======== Supplied data

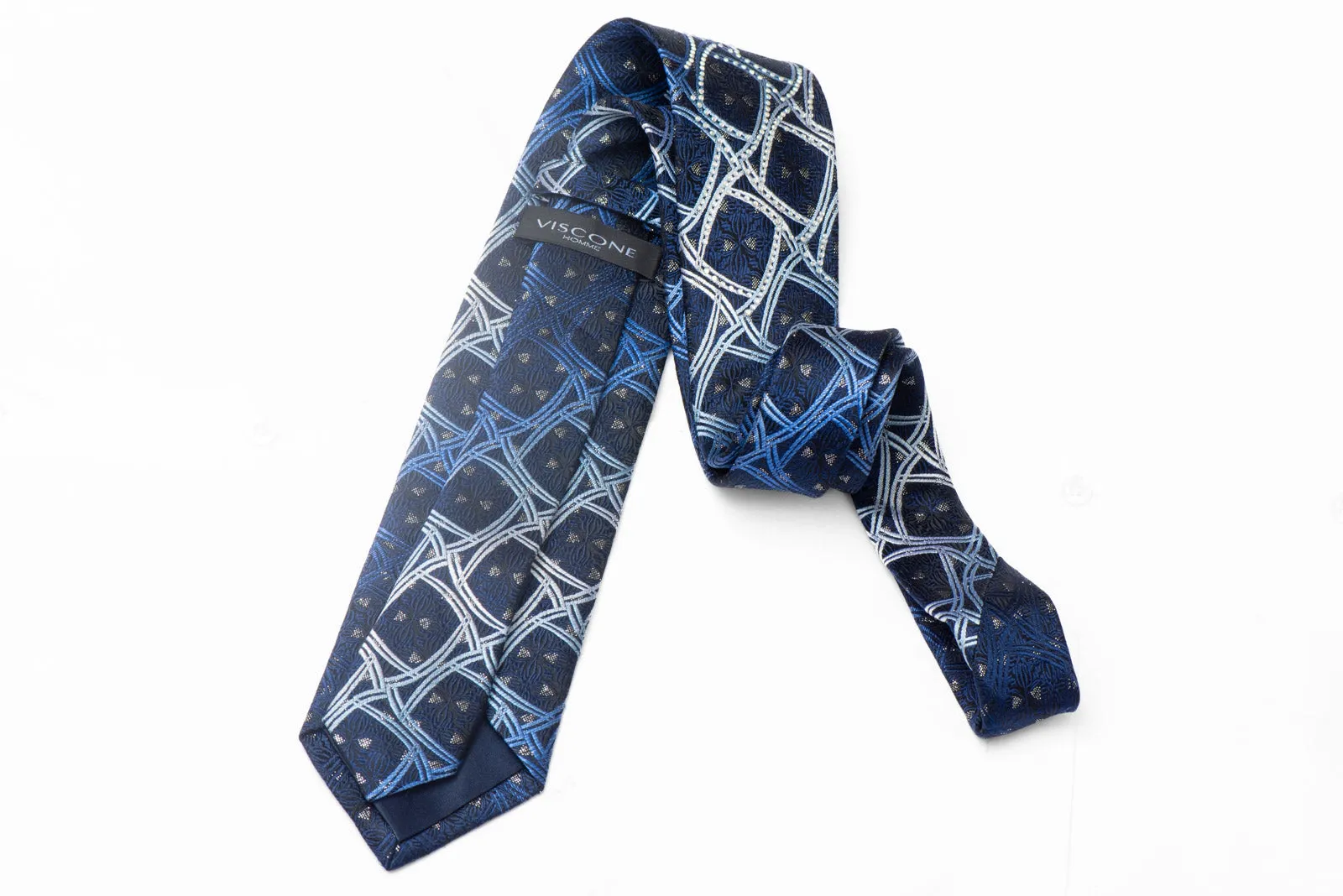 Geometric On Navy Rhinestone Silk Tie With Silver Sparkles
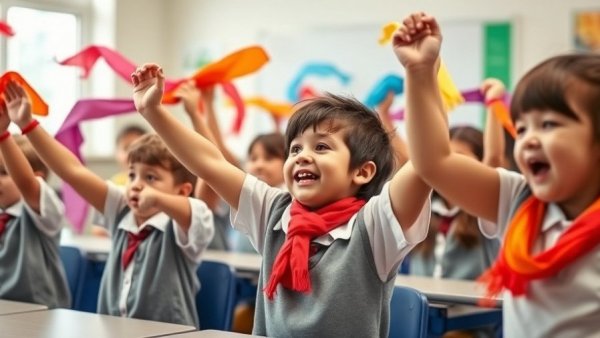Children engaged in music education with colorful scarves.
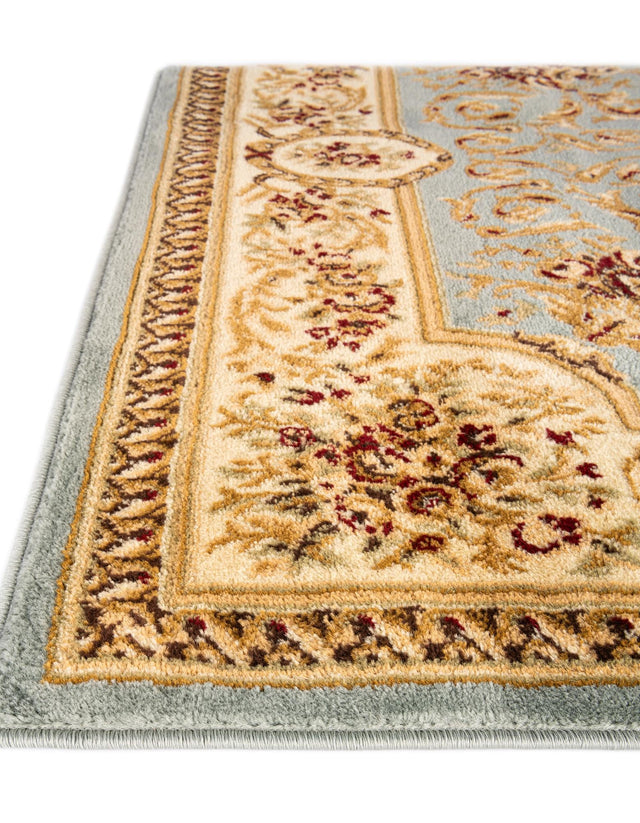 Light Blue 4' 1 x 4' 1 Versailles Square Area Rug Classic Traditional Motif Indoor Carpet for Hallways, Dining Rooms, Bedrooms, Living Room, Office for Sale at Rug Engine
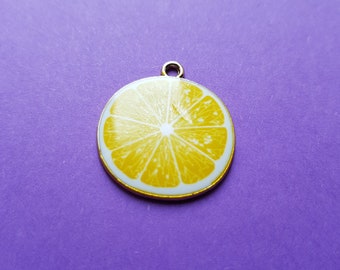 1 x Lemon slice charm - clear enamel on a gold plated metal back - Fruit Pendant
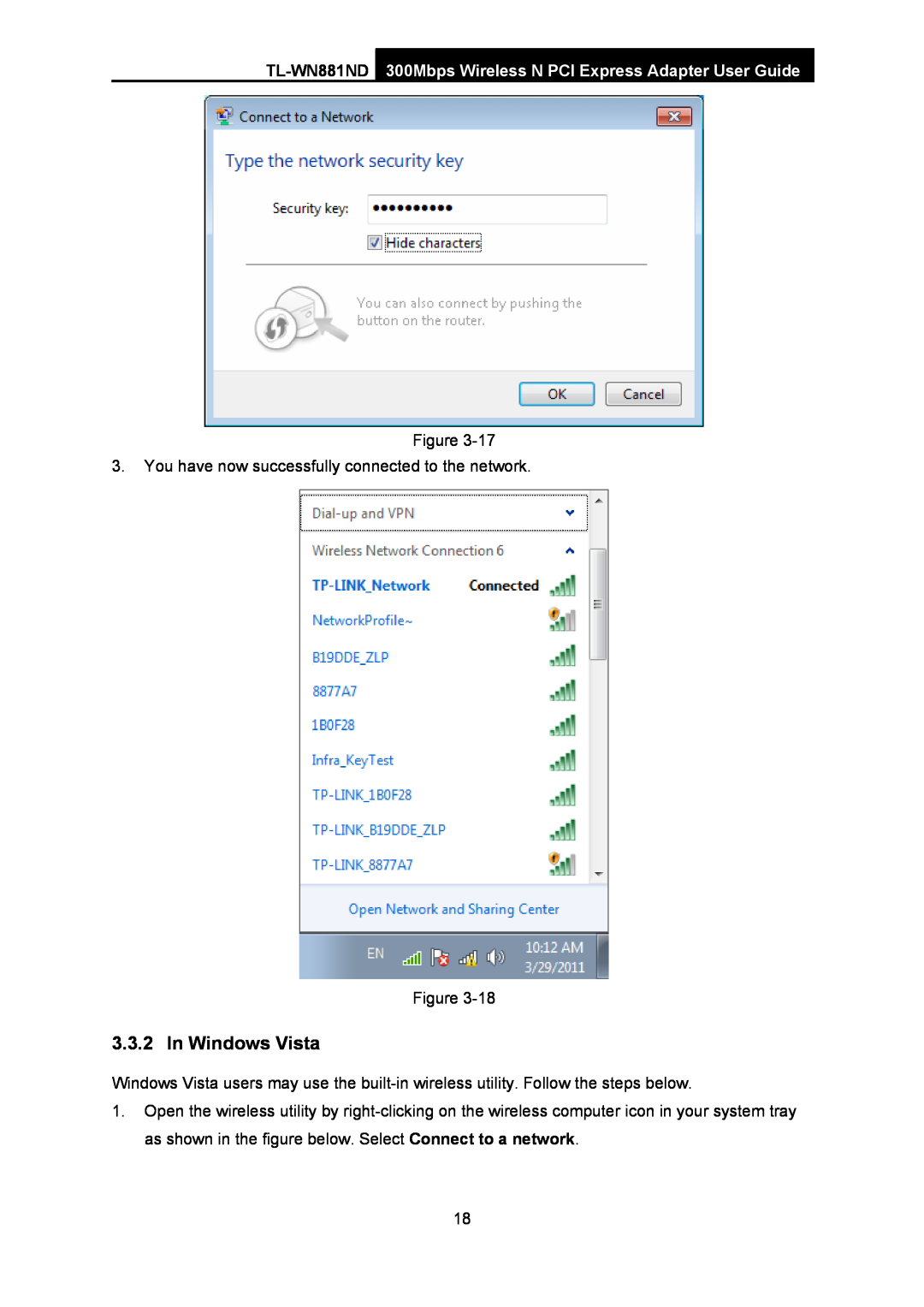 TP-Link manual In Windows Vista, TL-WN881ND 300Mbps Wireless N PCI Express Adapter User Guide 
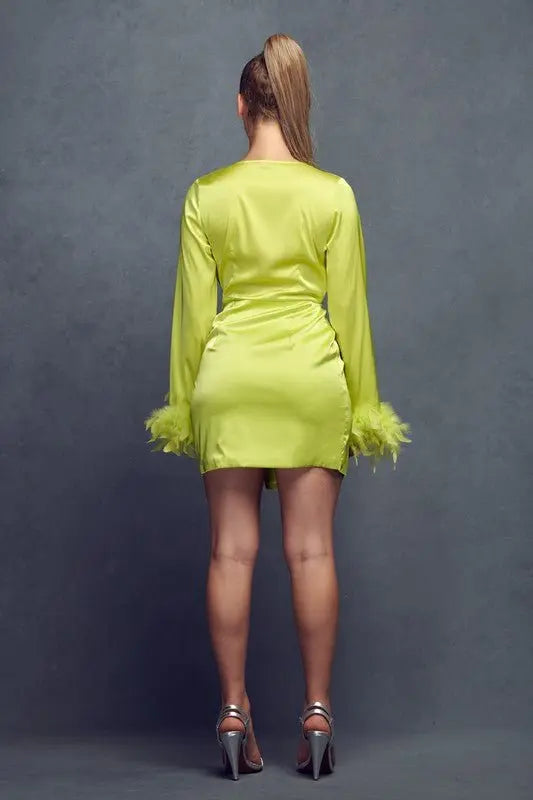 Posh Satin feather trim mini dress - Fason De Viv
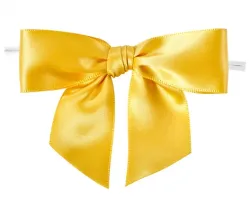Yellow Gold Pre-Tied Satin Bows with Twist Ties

================

:: Work task ::
With the pictures left out, copy exactly the lines from the one containing "Children engaged in" through the last line of the data.

:: Exercise response ::
Children engaged in music education with colorful scarves.
 Light Blue 4' 1 x 4' 1 Versailles Square Area Rug Classic Traditional Motif Indoor Carpet for Hallways, Dining Rooms, Bedrooms, Living Room, Office for Sale at Rug Engine
 1 x Lemon slice charm - clear enamel on a gold plated metal back - Fruit Pendant
 TP-Link manual In Windows Vista, TL-WN881ND 300Mbps Wireless N PCI Express Adapter User Guide 
 Posh Satin feather trim mini dress - Fason De Viv
Yellow Gold Pre-Tied Satin Bows with Twist Ties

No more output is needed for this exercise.